There are two studios are in July.  You need to change your search parameters to see "all vacations".  From the main "search for a vacation" screen, click on the "click to change" button.  Then, switch from "Show vacations that match my deposits" to "Show all available RCI vacations."  However, if you have only one deposit, this will not help, as you will have to combine two (or more) to book these.


----------



## kanerf

I have traded into DVC BCV 1 Bedrooms twice so far this year.  I also just bought a very small DVC contract at OKW that is currently going through ROFR.  I purchased it so that I could get the DVC member discounts.  I would imagine you will still get most of them if you are staying at a DVC resort (except the WiFi, but I have a Virgin Broadband modem, so don't care).  All most places want to see is the DVC ID card, and I will get one of those.  Also, with the membership I can rent points from other folks if I really want to get into something that an exchange won't do for me.  Some of the locations like BLT and VGC are really hard to get into, even for DVC members, and you won't see that inventory show up in RCI.


----------



## tomandrobin

kanerf said:


> I have traded into DVC BCV 1 Bedrooms twice so far this year.  I also just bought a very small DVC contract at OKW that is currently going through ROFR.  I purchased it so that I could get the DVC member discounts.  I would imagine you will still get most of them if you are staying at a DVC resort (except the WiFi, but I have a Virgin Broadband modem, so don't care).  All most places want to see is the DVC ID card, and I will get one of those.  Also, with the membership I can rent points from other folks if I really want to get into something that an exchange won't do for me.  Some of the locations like BLT and VGC are really hard to get into, even for DVC members, and you won't see that inventory show up in RCI.

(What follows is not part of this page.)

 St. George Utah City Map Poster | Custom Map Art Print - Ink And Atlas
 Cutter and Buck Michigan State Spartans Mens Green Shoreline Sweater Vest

You can transfer points and then add days to the end or beginning of your stay. Getting the AP discount and TiW are also big pluses.


----------



## MichaelColey

tomandrobin said:


> Getting the AP discount *and TiW* are also big pluses.


Several people corrected you when you said that before in this thread, but the Tables in Wonderland card is *not* a DVC benefit.  It's a benefit of being an Annual Passholder (or being a Florida resident).  If you are an out of state DVC owner without an annual pass, you can't even get the TiW card.


----------



## littlestar

Getting a one bedroom on an RCI trade is easier than a 2 bedroom.  We have gotten 1 bedroom exchanges and booked a studio on our DVC points and then asked for the 1 bedroom and studio to be combined into a 2 bedroom lock-off at check-in.  The reservations were under the same name.  No guarantee this will always work, but the resort front desks have been able to combine them at check-in for us (but the names and addresses matched exactly on the 1 bedroom exchange and our DVC point studio reservation).


----------



## Mjasp

bnoble said:


> There are two studios are in July.  You need to change your search parameters to see "all vacations".  From the main "search for a vacation" screen, click on the "click to change" button.  Then, switch from "Show vacations that match my deposits" to "Show all available RCI vacations."  However, if you have only one deposit, this will not help, as you will have to combine two (or more) to book these.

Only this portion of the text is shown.